Ядвися охотно заходила к бабке Марье еще и потому, "что ей интересно было послушать, как вел свою работу в школе учитель, как он иногда покрякивал на учеников, сердясь на их непонятливость либо на поднятый не в меру шум, чтобы потом удивить его рассказом о том, что делал он в школе и как вел себя с детьми. Тонкая стена между кухней и классом позволяла слышать все, что делалось в школе. Ядвися часто прерывала разговор со сторожихой и прислушивалась. Как только кончались занятия и школа оглашалась веселым шумом, Ядвися, сделав бабке знак молчать, как вспугнутая дикая птичка, бросалась в дверь и исчезала среди строений своего двора, откуда часто доносился ее молодой, звонкий голос. А бабка, глядя ей вслед, покачивала головой и смеялась долгим тихим смехом.
– Смешная, веселая паненка! – говорила бабка.

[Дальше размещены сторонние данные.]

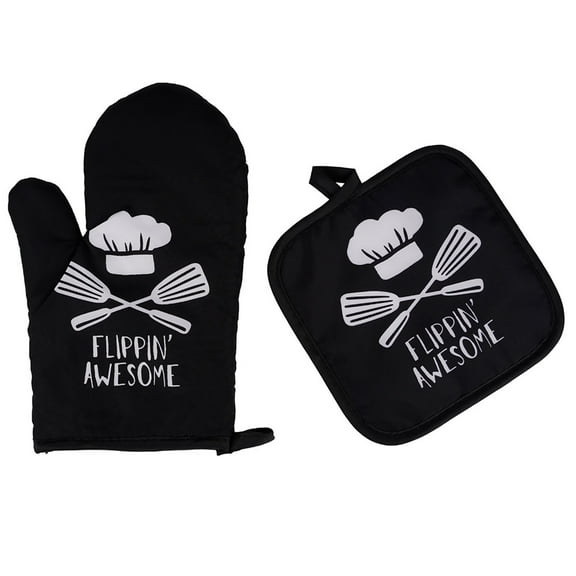 JWDX Oven Mitts Clearance! Oven Mitts and Pot Holders Sets, Heat Resistants Oven Mitts Soft Cotton Lining and Non-Slip Surface Safes for Baking, Cooking, Bbq, Include 1*Glove, 1*Insulation Pad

Рассказ сторожихи о семье пана подловчего произвел сильное впечатление на молодого учителя. Образ несчастной пани с черными пышными волосами живо рисовался его воображению, и пытливая мысль стремилась угадать все скрытые подробности этой человеческой драмы. И сама Ядвися, и трагическая история ее матери в представлении Лобановича были неотделимы от темной полесской глуши, которая, казалось, каким-то таинственным образом влияла на судьбы живущих здесь людей.
Оставаясь наедине с самим собой, Лобанович часто думал о Ядвисе, даже мысленно разговаривал с нею. И этот разговор был таким простым, искренним, потому что шел от сердца! Ядвися смотрела на него милым, немного хитроватым взглядом и смеялась. На душе у Лобановича становилось легко и покойно. Он чувствовал, как вливается ему в грудь какое-то приятное тепло и греет его сердце. Но при встрече с Ядвисей он никогда не высказывал того, что говорил ей без нее. Не то стыдливость еще чистого сердца, не то какая-то осторожность мешали ему высказать ей все, что было на душе.